Six different entities have been involved in the negotiations, and wording must be translated between two languages and then re-translated for counterproposals, making for a couple of weeks of serious talks.
Not only are the Jazz, Fesenko and his agent, Jason Levien, involved, but also the NBA, the International Basketball Federation (FIBA), the Ukrainian basketball federation and the Ukrainian team, Cherkaski Mavpi, said Jazz senior vice president of basketball operations Kevin O'Connor, who would not talk further about the negotiations.
Levien also refused comment.
But clearly, things are getting down to the final wording and final small sticking points, prompting the Jazz to begin Fesenko's official physical.
Fesenko is due to return to Ukraine through New York on Wednesday, said Levien, who plans to meet him there. But according to one source, the team might keep him in Salt Lake City until the contract is ready for signing. Fesenko plans to return to Salt Lake on Sept. 2 if all is set with his contract.
Fesenko could play for the Jazz this season, or he could be sent to Utah's NBDL team, the Utah Flash, depending upon how well he plays during training camp, which begins Oct. 1.
Levien said his client is used to a two-tiered system, with A and B teams, in the Ukraine, so he would be happy to play either place.

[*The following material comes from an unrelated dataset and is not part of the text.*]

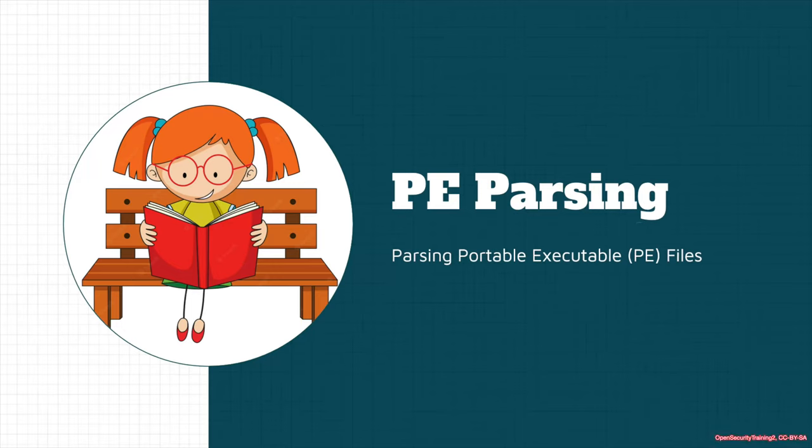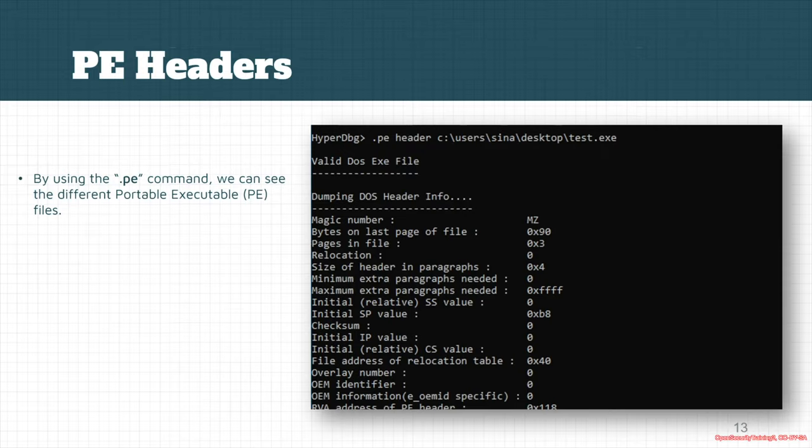Let's look at other commands for HyperDbg. It also allows you to parse PE files — portable executable files. If you use the pe command, you can dump different headers for the PE file.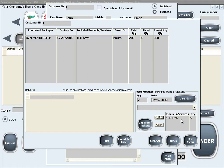When we are done selecting all the products and services that we will use at the moment, including the correct quantity, simply click the Use From Package button.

Fesenko had planned to play for the Ukrainian senior national team in the European championships this fall, but Levien said he will not do so, preferring to concentrate on his Jazz career. Fesenko played for the Ukrainian junior team in the 2005 under-20 European championships in Moscow, averaging 6.8 points and 6.9 rebounds. He also played in 2004 for the under-18 Ukraine team at the Euro championships in Spain, averaging 12 points and 6.6 rebounds.